Emma wants to study journalism at a secular college. Her parents, both pastors at their evangelical church, have saved to give her a Christian education that won’t expose her to heretical ideas, like the theory of evolution.

The protagonist of Donut Days, Lara Zielin’s debut novel for young adults, wonders what’s wrong with her. Emma never has visions and doesn’t speak in tongues. She’s at odds with her best friend, and she messed up her relationship with the boy who matters. Teens will connect to the struggles of this imperfect heroine, who wishes she sparkled more, like the younger sister her mother favors. Still, Emma, who reads the newspaper more than the Bible, writes stories for her high school paper that impress everyone but her parents. And when her local paper announces it will award a college scholarship for the best essay on the “donut camp” setting up in town to promote a new franchise of “Crispy Dream Donuts,” Emma sees reporting as a means to her goal as well as its end.

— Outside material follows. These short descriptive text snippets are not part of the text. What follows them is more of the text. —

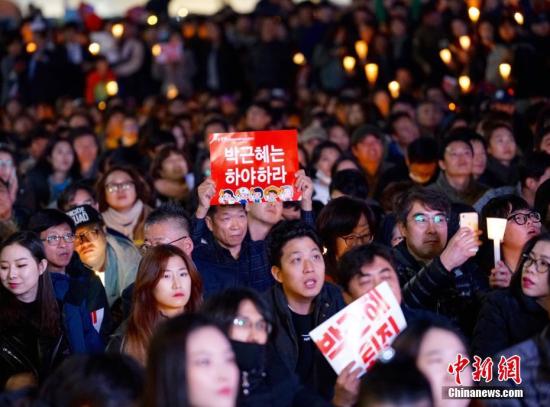 青瓦台应对民众集会 发言人：朴槿惠将尽总统责任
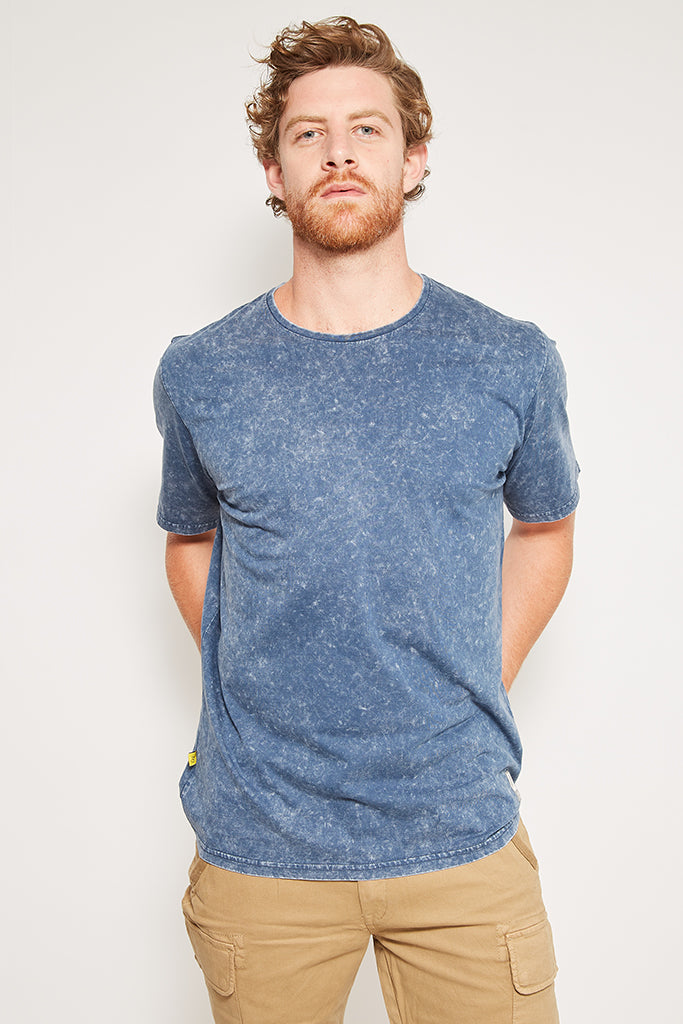 Polera Essential Algodón Orgánico Hombre Azul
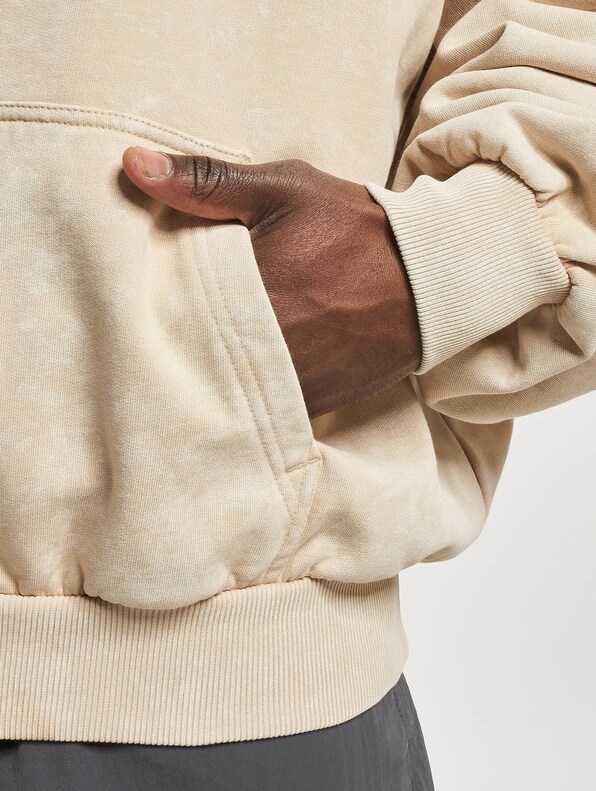 Small Signature Heavy-4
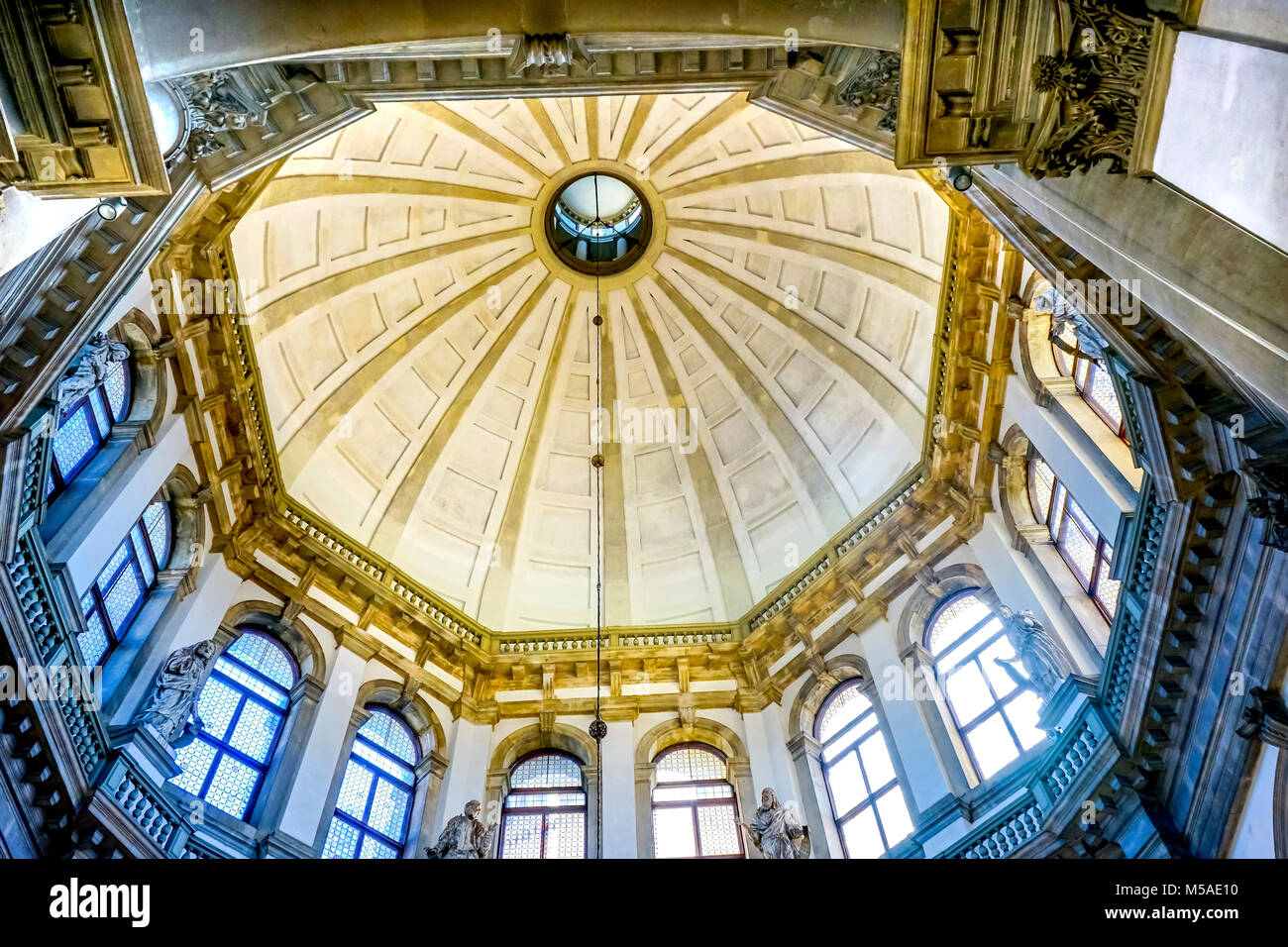 L'église Santa Maria della Salute Basilique Dome Venise Italie. Participé en 1681 dédiée à Notre Dame de la santé en raison de l'épidémie de peste 1630, w Banque D'Images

As Emma pursues her dream in this crisp novel, Zielin takes us inside the daily life of a Minnesota church that’s in as much turmoil as the young protagonist. A parishioner determines to remove her mother from the pulpit because, he says, women in the church are “out of balance.” But things are rarely what they seem in this fast-paced story that turns prejudices topsy-turvy.

At the camp, Emma encounters a group of intimidating tattooed bikers who surprise her. “I knew lots of people at Living Word Redeemer who said they were saved but acted like complete jerks, and lots of people who didn’t profess to believe in God but acted like angels,” she reflects.

Will she escape her narrow surroundings? Discover what is really going on behind closed doors at the church? Reunite with her best friend? And will Jake, the boy who has become “smokin’ hot,” still love her?

In the end, a mystery is solved, relationships resolved. And this book from the editor of the U-M LSAmagazine proves to be less about religion than about intellectual honesty and diversity. “I think I’d have precious few friends if I only befriended people who thought the same way I did about everything,” Emma’s father tells her.

While Emma searches the donut camp for a story “with characters and obstacles,” readers will find one in Zielin’s compelling narrative.

Zielin celebrates the August 6 book release with a reading and writing workshop for teens at the AADL Mallets Creek Branch followed by a reading and signing at Nicola’s Books.